> [WORK REQUIRED]: The material below holds pictures, which are to be left out; copy exactly the lines from the one with "Tesla Model 3 0" through the one with "Chalet de luxe".

> [LISTED ENTRIES]:
<<<<

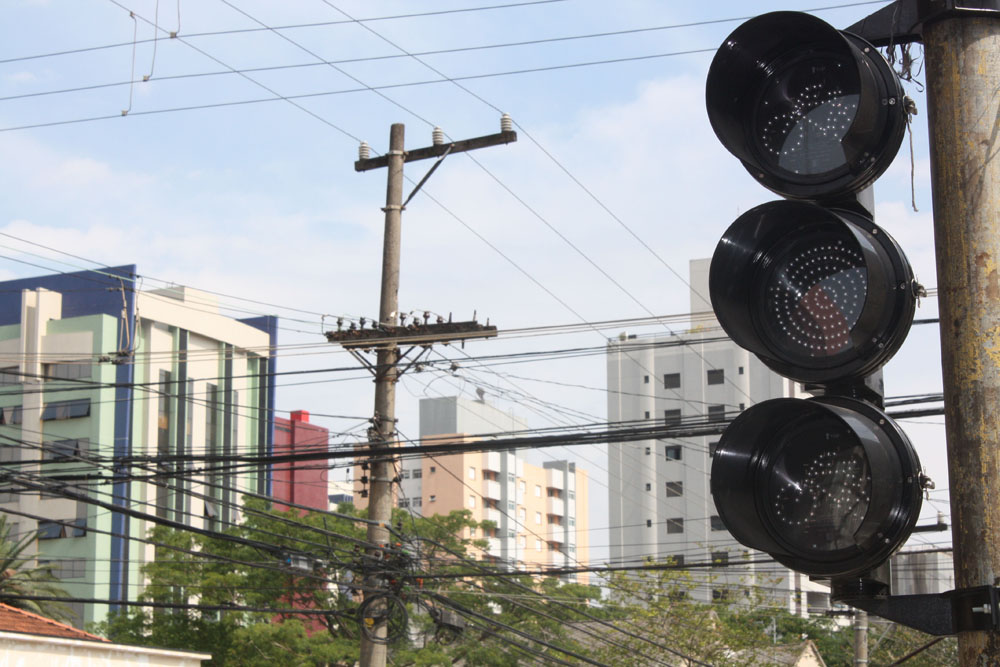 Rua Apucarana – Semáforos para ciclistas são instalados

>>>>
<<<<

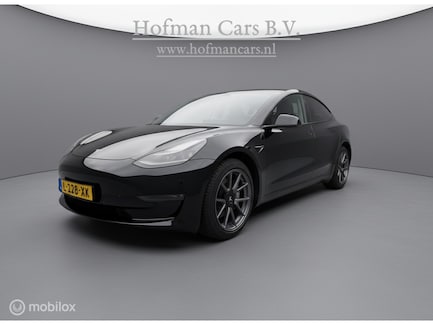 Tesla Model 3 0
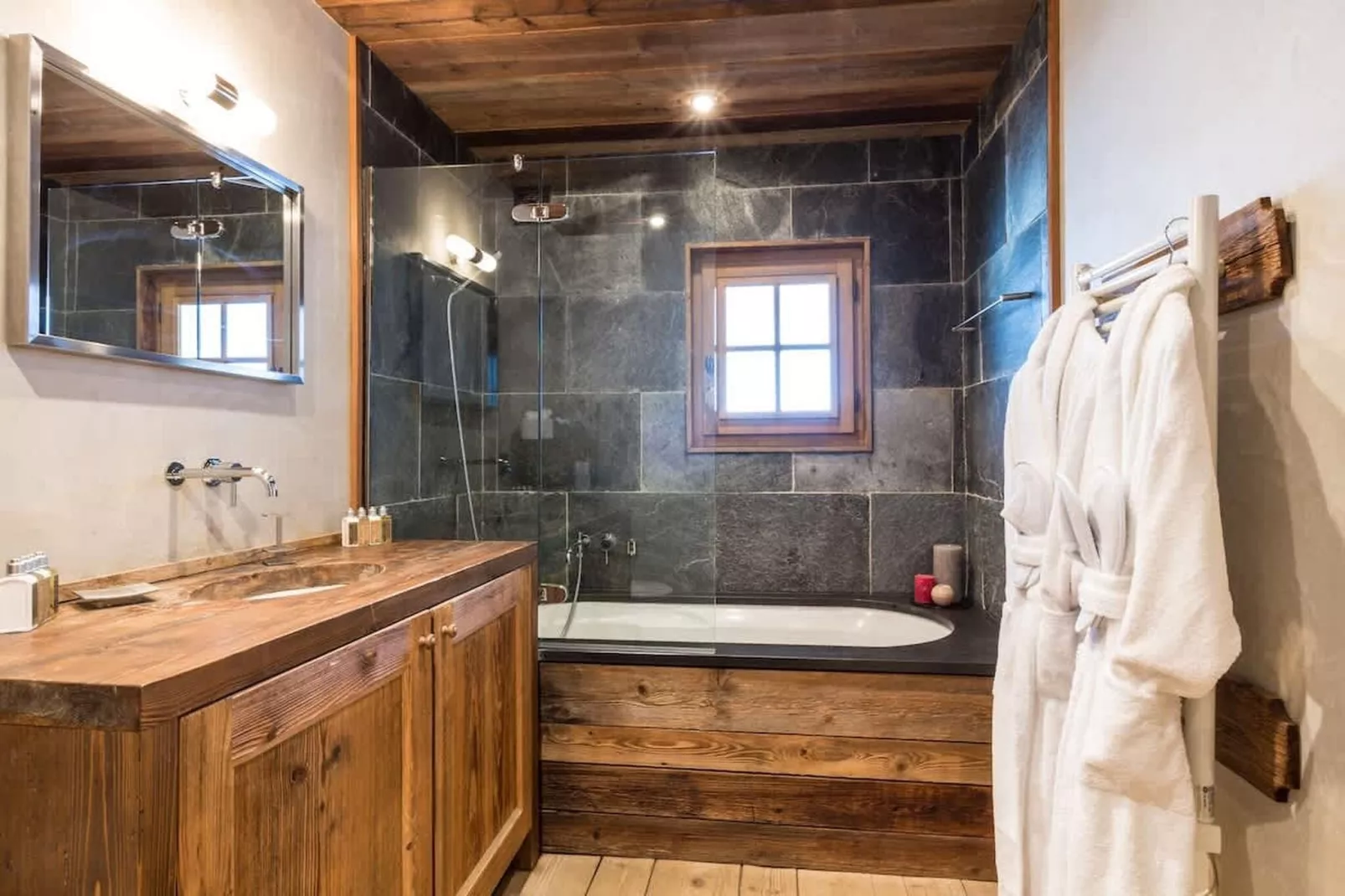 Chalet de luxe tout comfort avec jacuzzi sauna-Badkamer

>>>>

> [PROBLEM SOLUTION]:
 Tesla Model 3 0
 Chalet de luxe tout comfort avec jacuzzi sauna-Badkamer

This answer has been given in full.